GitHub
The GitHub integration syncs repositories, issues, pull requests, commits, and discussions into MemorySync as queryable memories. It uses the GitHub REST API with OAuth 2.0 authentication and supports incremental sync to avoid re-fetching unchanged data.
What gets synced
The GitHub provider fetches the following object types, each becoming a separate memory:
| Type | Content |
|---|---|
repository | Repository description + README contents. Metadata includes full_name, language, stars, forks, topics, default_branch. |
issue | Issue body text. Both open and closed issues are fetched. Metadata: number, state, labels, assignees, milestone. |
pull_request | PR body text. Metadata: number, state, base_branch, head_branch, draft, merged, additions, deletions, changed_files. |
commit | Commit message. Up to 50 recent commits per repository. Metadata: sha, author, verified, stats (additions, deletions, total). |
pr_comment | Review comments on pull requests. |
discussion | GitHub Discussions threads. |
Required OAuth scopes
| Scope | Why it's needed |
|---|---|
repo | Read access to private repositories, issues, pull requests, and commits. Use public_repo if you only want public repos. |
read:org | Read organization membership to list repos the user has access to. |
read:discussion | Read access to GitHub Discussions. |
Setup guide
- 1Open the dashboard — navigate to Dashboard → Integrations → GitHub.

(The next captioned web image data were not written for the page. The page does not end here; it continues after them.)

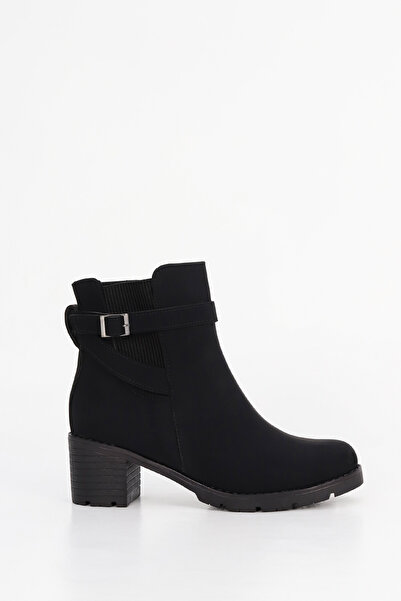 Mamito Ayakkabı Bln 730 Side Buckle & Rubber Detail Mid Heel Boots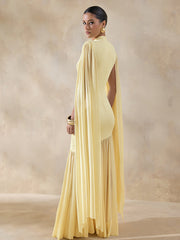 High Neck Cape Sleeve Asymmetric Pleated Maxi Dress XF251354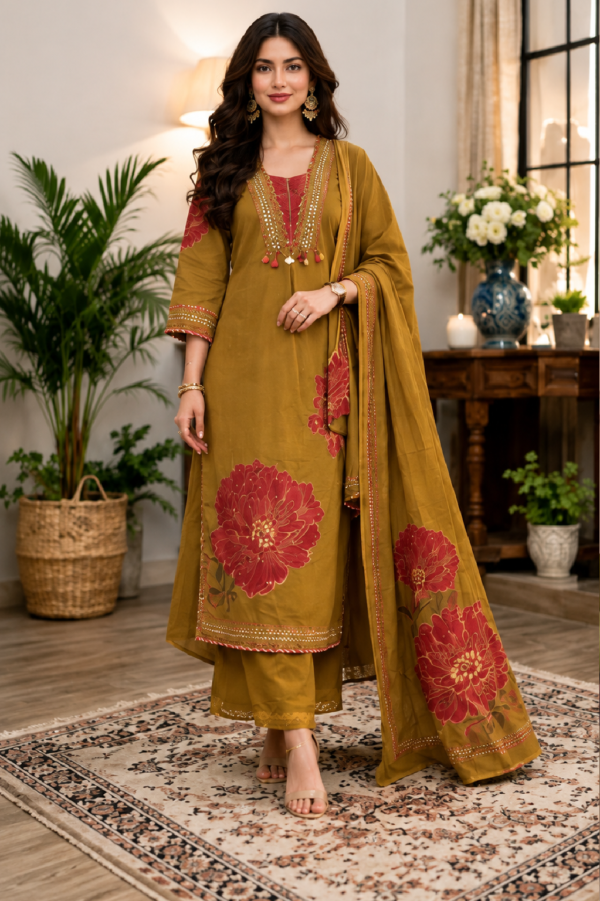 Cotton Heavy Embroidered Kurti Pant Dupatta Set with Sequin Work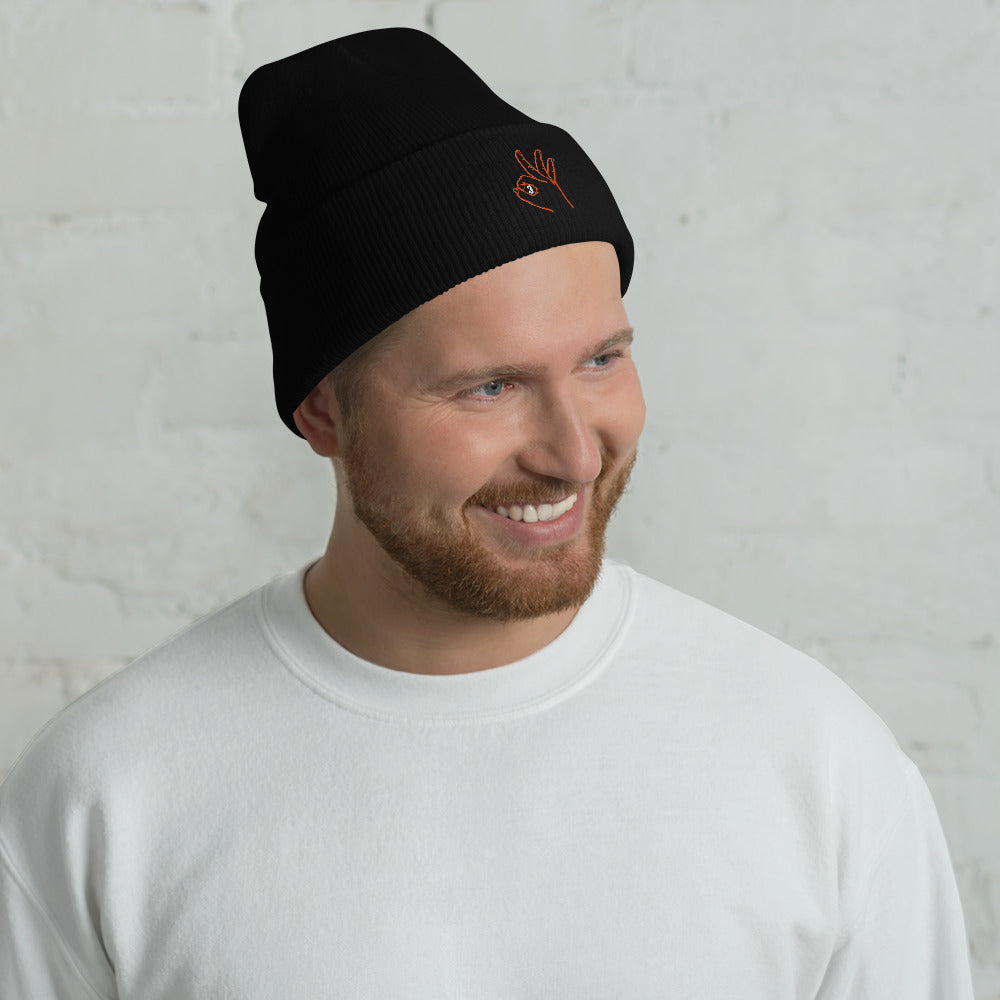 Orange and White Three: Black Cuffed Beanie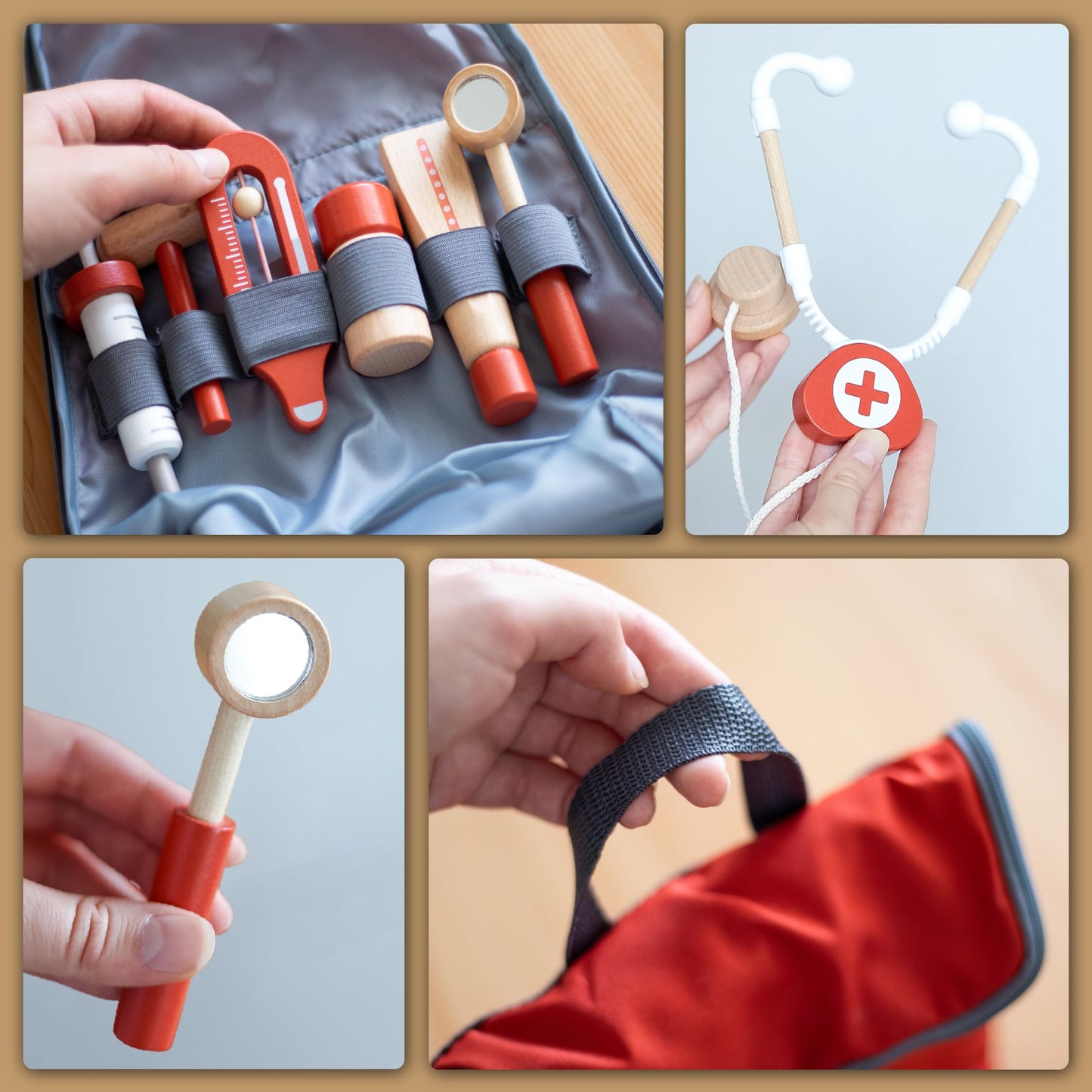 UMU® Wooden Mini Doctor Kit for Kids – 14-Piece Medical Playset with Stethoscope, Blood Pressure Cuff & More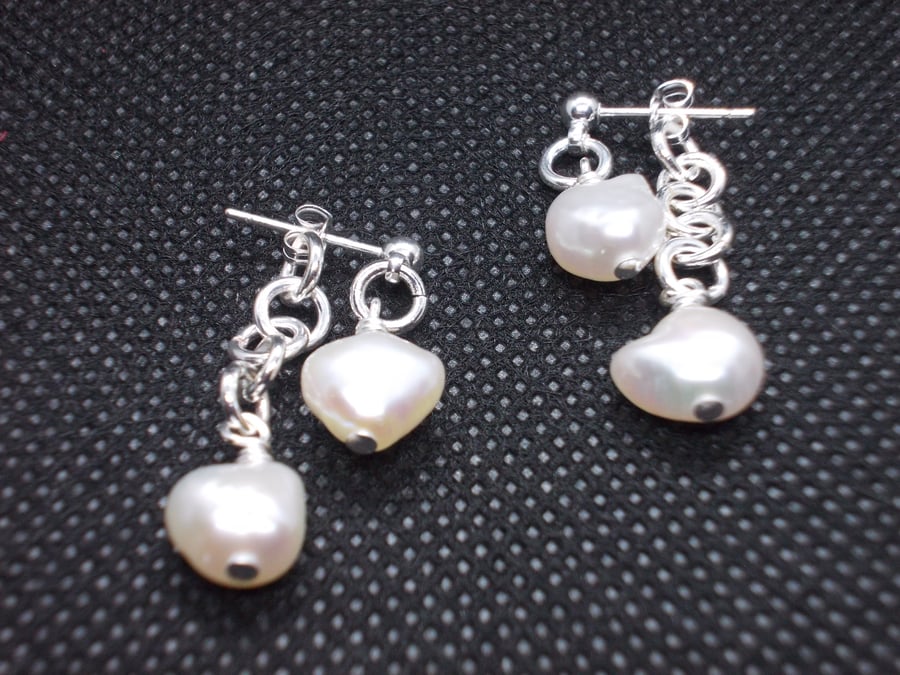 Freshwater cultured pearl nugget earrings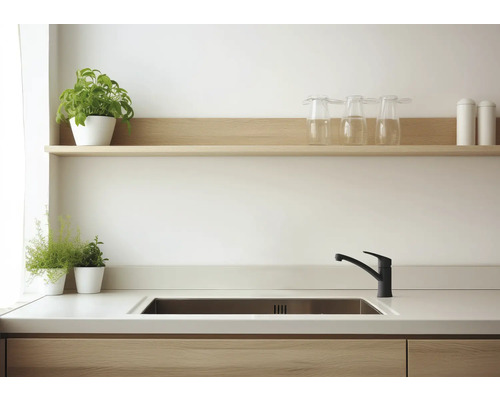 Küchenspüle mit Armatur, Arbeitsplatte und Regalen im modernen Stil.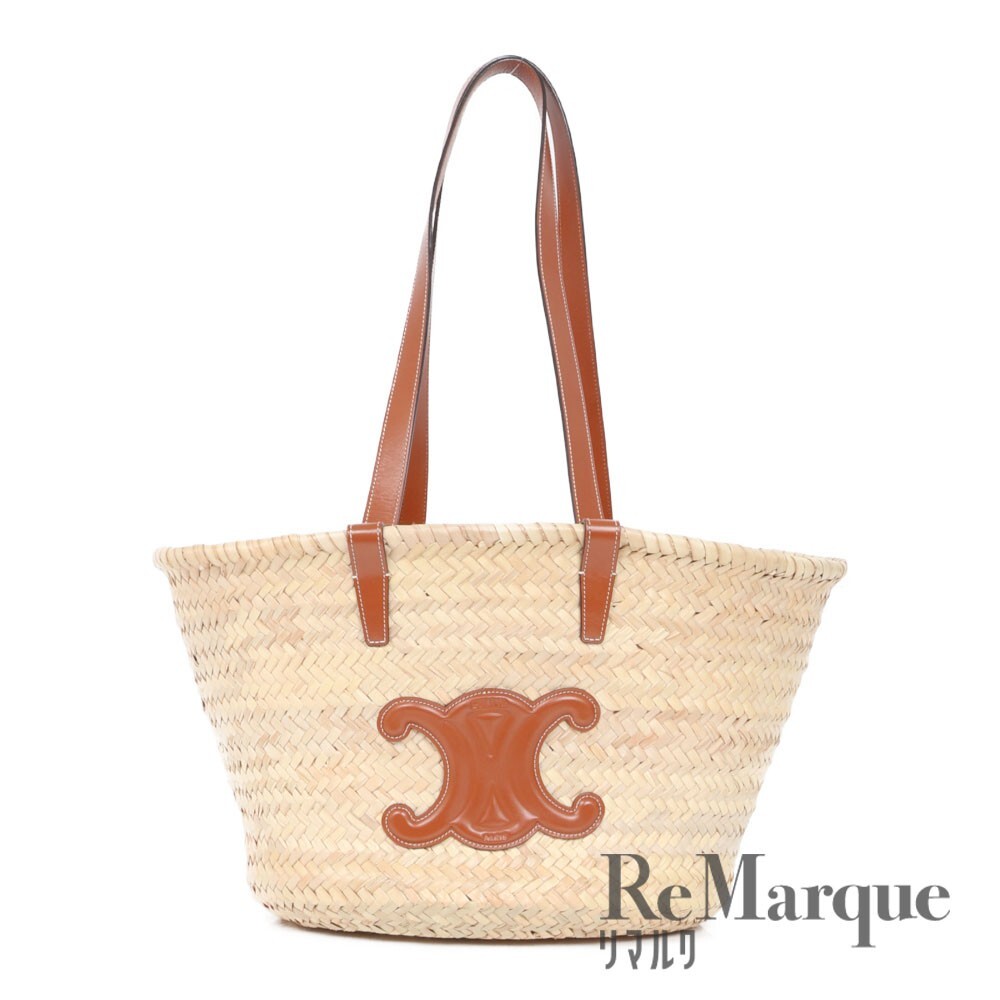 Celine Triomphe Handbag Raffia Leather Brown 11383 Basket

- 2Click Connect — you will be redirected to GitHub's OAuth consent screen. MemorySync already has the GitHub app registered, so no provider-side configuration is required on your side.
- 3Authorize the requested scopes — review the permissions GitHub displays and approve. You will be redirected back to the dashboard.
- 4Select repositories — choose which repositories to sync. The initial sync starts immediately and fetches all selected content.
Incremental sync
After the initial sync, the GitHub provider uses smart incremental strategies to minimize API calls:
- Repository-level skip — each repo's
updated_attimestamp is compared to the last sync time. Repos that haven't changed are skipped entirely. - Issues — uses the
sinceparameter to fetch only issues updated after the last sync. - Pull requests — sorted by
updateddescending with a cutoff date. Once a PR older than the last sync is encountered, pagination stops. - Commits — limited to the most recent 50 per repository per sync cycle.
- Pagination safety — a hard limit of 10 pages per API call prevents runaway pagination on very large repositories.
Memory structure
Each synced object produces a memory with type-specific metadata. Here's what gets stored for each type:
| Type | Content | Key metadata fields |
|---|---|---|
| Repository | Description + README | full_name, language, stars, forks, topics |
| Issue | Issue body | repo, number, state, labels, assignees |
| Pull request | PR body | base_branch, head_branch, draft, merged, additions/deletions |
| Commit | Commit message | sha, author, verified, stats |
Webhook events
When a GitHub webhook is configured, the provider parses incoming events to create, update, or delete memories in real time:
issues.opened/issues.edited/issues.closed— creates or updates the corresponding issue memory.pull_request.opened/pull_request.edited/pull_request.closed/pull_request.merged— creates or updates the PR memory.discussion.*— handles discussion creation and updates.issues.deleted/pull_request.deleted— marks the memory for deletion.
The provider validates the webhook signature to ensure the payload is authentic before processing.
Rate limits & tips
- 5,000 requests per hour — GitHub enforces this limit for authenticated OAuth requests. MemorySync tracks
X-RateLimit-Remainingand pauses sync when approaching the limit. - Pagination capped at 10 pages — prevents runaway API consumption on very large repos with thousands of issues.
- Empty repos return HTTP 409 — the provider handles this gracefully and skips the repository without failing the sync.
- Bot messages are skipped — commit authors and issue creators that are bots are excluded from sync to reduce noise.
- Sync is one-way — MemorySync never writes back to GitHub. All data flows from GitHub into MemorySync.